And there are many concerns that the opposition have raised with the Americans, such as the lack of any sort of enforcement mechanism, which is to say, punishment for a violation of the cease-fire. So a lot of them have indicated in principle that they do want to abide by a cease-fire, but there's a lot of questions hanging over it still.
MONTAGNE: And Russia and the U.S. say in their military cooperation that they'll target only extremists and not the moderate opposition. But they are pretty physically close together in places and also even comingled. So how easy is it to tell the difference?
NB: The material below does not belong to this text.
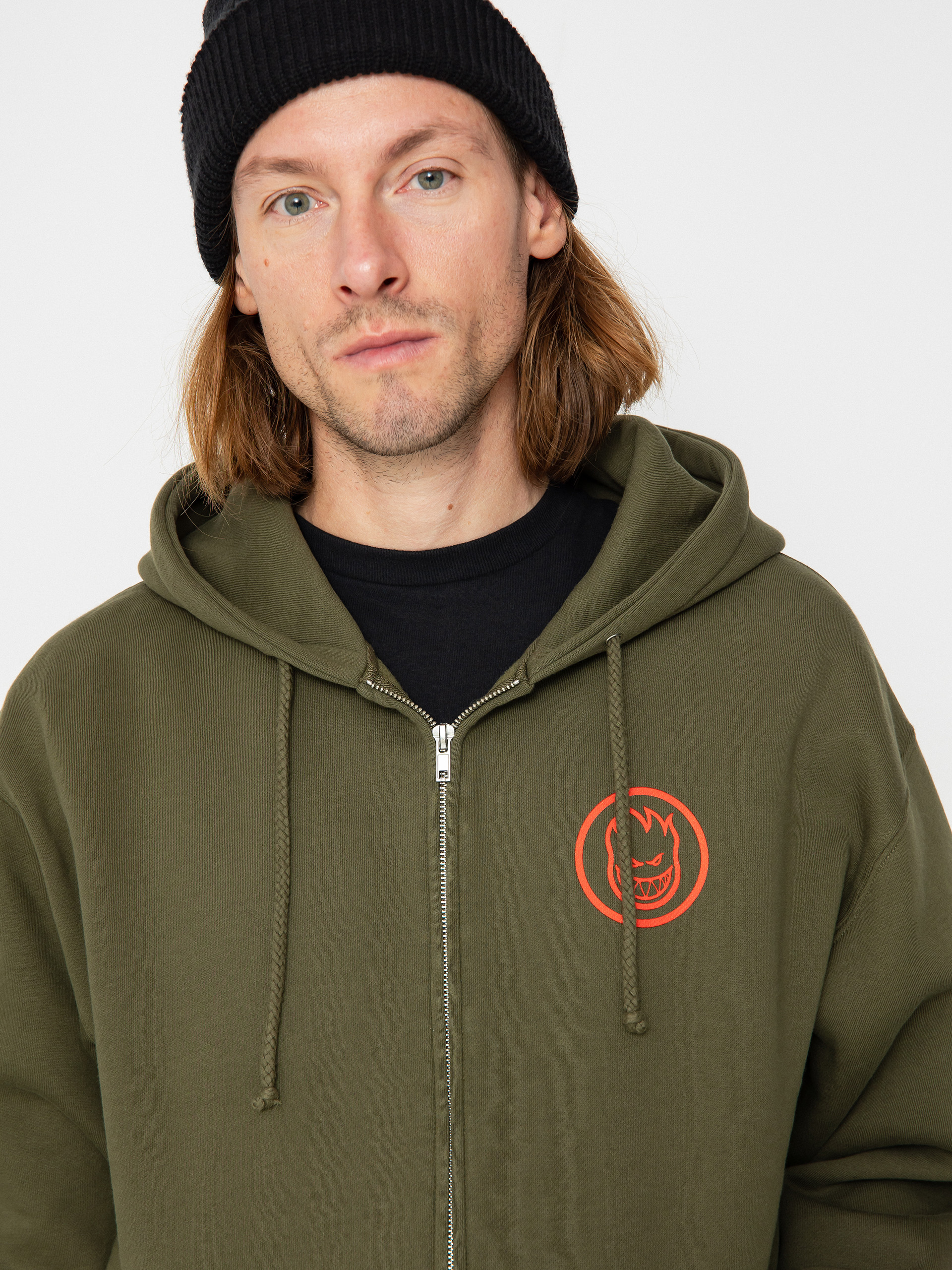 Spitfire Swrld Cls ZHD Kapucnis pulóver (army green/red)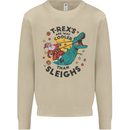 T-Rex Cooler than Sleighs Funny Christmas Mens Sweatshirt Jumper Sand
FORDHAM: Well, exactly, and it starts from the question, really, of how you define an extremist, which is not something that the United States and Russia have easily agreed on in the past or now. And now there's another complicating factor. So the group that the United States still considers to be part of al-Qaida - though it recently cut its ties with the main group - it's now much more mixed up with the rest of the opposition than it was earlier this year.
So it's hard to hit them without hitting the rest of the opposition. And plus, the opposition views them as closer allies now than they did then. So even if the first stage of proceedings goes according to plan - if a week of cease-fire is maintained in Syria and the U.S. and Russia do decide to go ahead with their plan to attack extremism together, that's not a simple or a clear or an easy goal.
MONTAGNE: NPR's Alice Fordham, speaking to us from Beirut, thanks very much.
FORDHAM: Thanks for having me, Renee.